4.2.3. Optimization levels and debug¶
At higher levels of optimization, it gets progressively harder to debug (e.g. single-step) the application. This is because at higher optimization levels, the compiler makes transformations to the application to reduce its execution time, memory footprint, power consumption, or a combination of these. These transformations significantly change the layout of the code and make it difficult, or impossible, for the debugger to identify the source code that corresponds to a set of assembly instructions.
The best approach is to perform initial development and debug with optimization disabled and then enable optimizations. Refer to Enable debugging for details.
4.2.4. Optimizer interlist¶
Optimization makes normal source interlisting impractical, because the compiler extensively rearranges the program.
The --src_interlist
option interlists compiler comments with assembly source statements. When this option is used with optimization enabled, the interlist feature does not run as a separate pass. Instead, the compiler inserts comments into the code, indicating how the compiler has rearranged and optimized the code. These comments appear in the assembly language file as comments starting with ;**
.
C source |
Interlist output in the assembly file |
---|---|
float fmac(float *farray, int N)
{
int i;
float sum = 0.0f;
#pragma MUST_ITERATE(4, , 4)
#pragma UNROLL(2)
for (i = 1; i < N; i++)
sum += farray[i] * farray[i-1];
return sum;
}
|
||fmac||:
;*** ----------------------- U$13 = farray;
;*** ----------------------- L$1 = (N>>1)-1;
;*** 31 ----------------------- sum = 0.0F;
;*** ----------------------- #pragma MUST_ITERATE(2, 16382, 2)
;*** ----------------------- #pragma UNROLL(1L)
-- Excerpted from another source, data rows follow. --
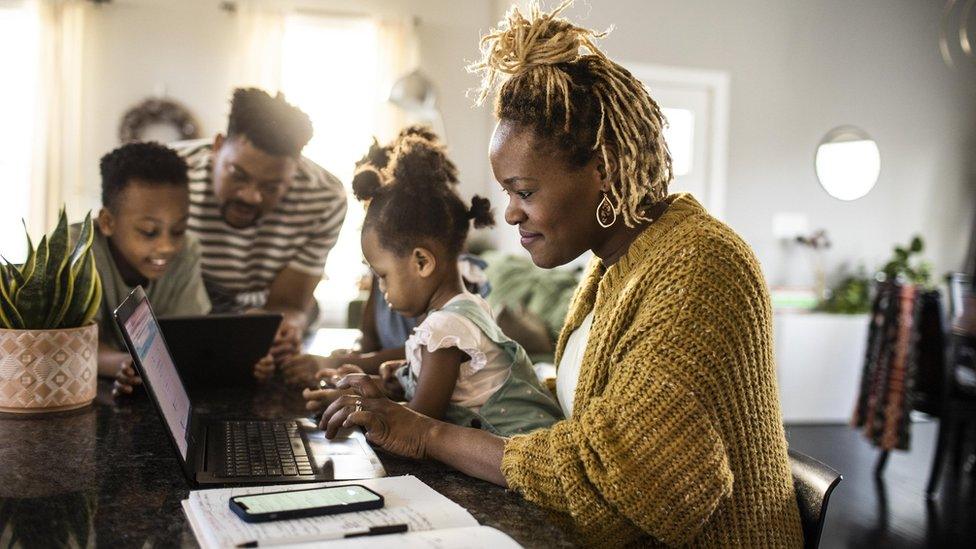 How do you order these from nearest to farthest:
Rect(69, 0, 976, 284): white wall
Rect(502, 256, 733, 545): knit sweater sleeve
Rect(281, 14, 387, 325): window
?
1. Rect(502, 256, 733, 545): knit sweater sleeve
2. Rect(69, 0, 976, 284): white wall
3. Rect(281, 14, 387, 325): window

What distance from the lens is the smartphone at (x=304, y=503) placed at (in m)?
0.96

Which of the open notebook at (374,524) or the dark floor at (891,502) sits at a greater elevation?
the open notebook at (374,524)

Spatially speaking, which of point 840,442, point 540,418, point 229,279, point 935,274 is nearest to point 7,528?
point 540,418

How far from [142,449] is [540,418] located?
661 millimetres

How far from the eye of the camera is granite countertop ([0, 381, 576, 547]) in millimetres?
979

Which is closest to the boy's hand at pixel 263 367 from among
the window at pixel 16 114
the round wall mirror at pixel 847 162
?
the window at pixel 16 114

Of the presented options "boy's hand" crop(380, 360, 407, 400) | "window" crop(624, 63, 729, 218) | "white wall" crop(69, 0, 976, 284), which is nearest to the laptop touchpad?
"boy's hand" crop(380, 360, 407, 400)

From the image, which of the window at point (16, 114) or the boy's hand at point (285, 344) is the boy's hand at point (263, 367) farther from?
the window at point (16, 114)

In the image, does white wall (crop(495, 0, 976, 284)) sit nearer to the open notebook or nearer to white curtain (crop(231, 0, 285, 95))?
white curtain (crop(231, 0, 285, 95))

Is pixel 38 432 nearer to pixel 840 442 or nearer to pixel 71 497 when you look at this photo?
pixel 71 497

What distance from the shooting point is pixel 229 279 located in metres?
2.66

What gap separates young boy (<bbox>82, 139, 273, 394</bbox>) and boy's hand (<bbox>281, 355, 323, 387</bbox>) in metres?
0.05

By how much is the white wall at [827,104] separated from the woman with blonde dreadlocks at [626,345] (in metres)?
4.81

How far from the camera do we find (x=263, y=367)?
195cm
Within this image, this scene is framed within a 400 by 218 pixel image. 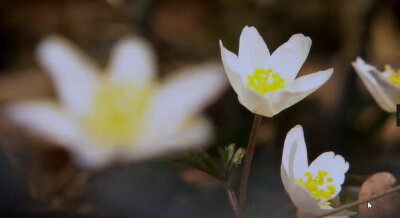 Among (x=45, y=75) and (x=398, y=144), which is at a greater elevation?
(x=45, y=75)

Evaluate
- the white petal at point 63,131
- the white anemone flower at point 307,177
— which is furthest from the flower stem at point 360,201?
the white petal at point 63,131

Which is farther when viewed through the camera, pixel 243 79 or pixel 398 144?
pixel 398 144

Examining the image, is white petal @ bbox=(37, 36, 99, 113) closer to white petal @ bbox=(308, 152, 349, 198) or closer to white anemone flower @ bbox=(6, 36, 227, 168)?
white anemone flower @ bbox=(6, 36, 227, 168)

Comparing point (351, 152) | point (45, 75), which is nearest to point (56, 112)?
point (45, 75)

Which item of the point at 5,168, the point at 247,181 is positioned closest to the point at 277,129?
the point at 247,181

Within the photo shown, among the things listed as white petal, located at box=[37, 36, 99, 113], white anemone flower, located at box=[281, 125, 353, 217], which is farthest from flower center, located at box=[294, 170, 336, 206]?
white petal, located at box=[37, 36, 99, 113]

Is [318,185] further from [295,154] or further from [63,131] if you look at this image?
[63,131]

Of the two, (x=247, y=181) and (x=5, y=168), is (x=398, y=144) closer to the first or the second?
(x=247, y=181) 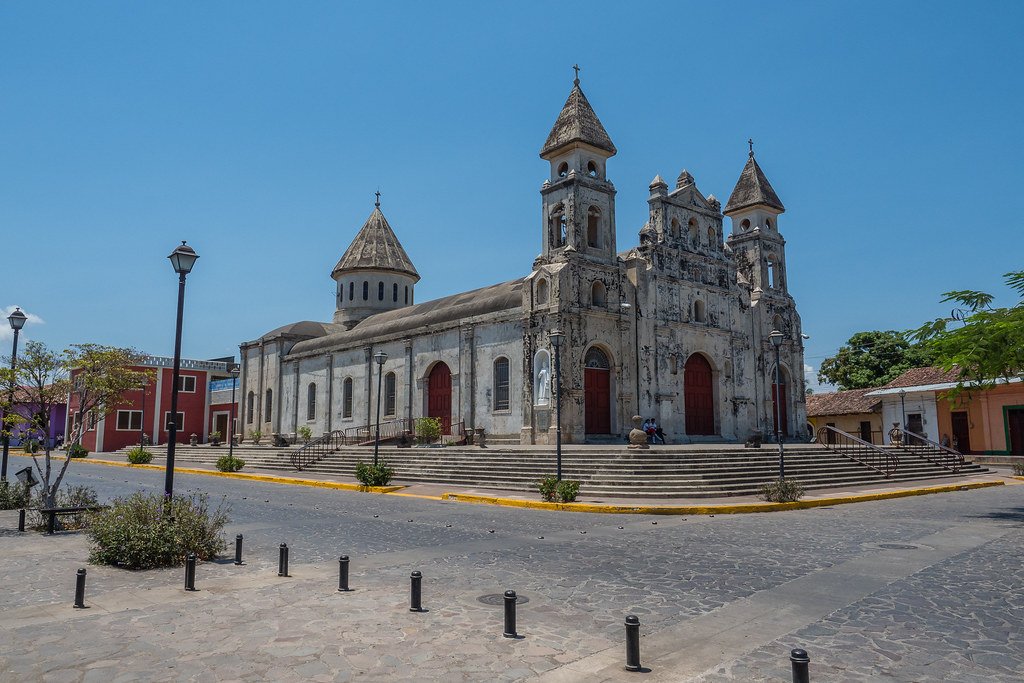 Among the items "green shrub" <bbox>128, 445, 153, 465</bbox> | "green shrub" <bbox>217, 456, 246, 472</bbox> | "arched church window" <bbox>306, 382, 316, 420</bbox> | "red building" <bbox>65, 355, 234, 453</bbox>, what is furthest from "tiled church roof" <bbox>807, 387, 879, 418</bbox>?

;*** ----------------------- // LOOP BELOW UNROLLED BY FACTOR(2)
;*** ----------------------- #pragma LOOP_FLAGS(4103u)
;*** -----------------------g2:
;*** 36 ----------------------- C$1 = U$13[1];
;*** 36 ----------------------- sum += *U$13++*C$1;
;*** 36 ----------------------- sum += U$13[1]*C$1;
;*** 35 ----------------------- ++U$13;
;*** 35 ----------------------- if ( (--L$1) != (-1) ) goto g2;
;*** 38 ----------------------- return sum;
|
From the listing in Table 4.4, it is clear that the loop has been unrolled 2x by the optimizer. The original pragmas from the source have also been updated to account for the unrolling. For details on loop unrolling, refer to Loop unrolling.
Warning
The --c_src_interlist
option can have a negative effect on performance and code size because it can prevent some optimizations from crossing C/C++ statement boundaries. So, the --src_interlist
is recommended when optimizations are enabled. In CCS, the --src_interlist
option is available in the “Source interlist” dropdown under Build -> C2000 Compiler -> Advanced Options -> Assember Options.
For details on the interlist option, refer to TMS320C28x Optimizing C/C++ Compiler User’s Guide, Section 3.10, Using the Interlist Feature With Optimization.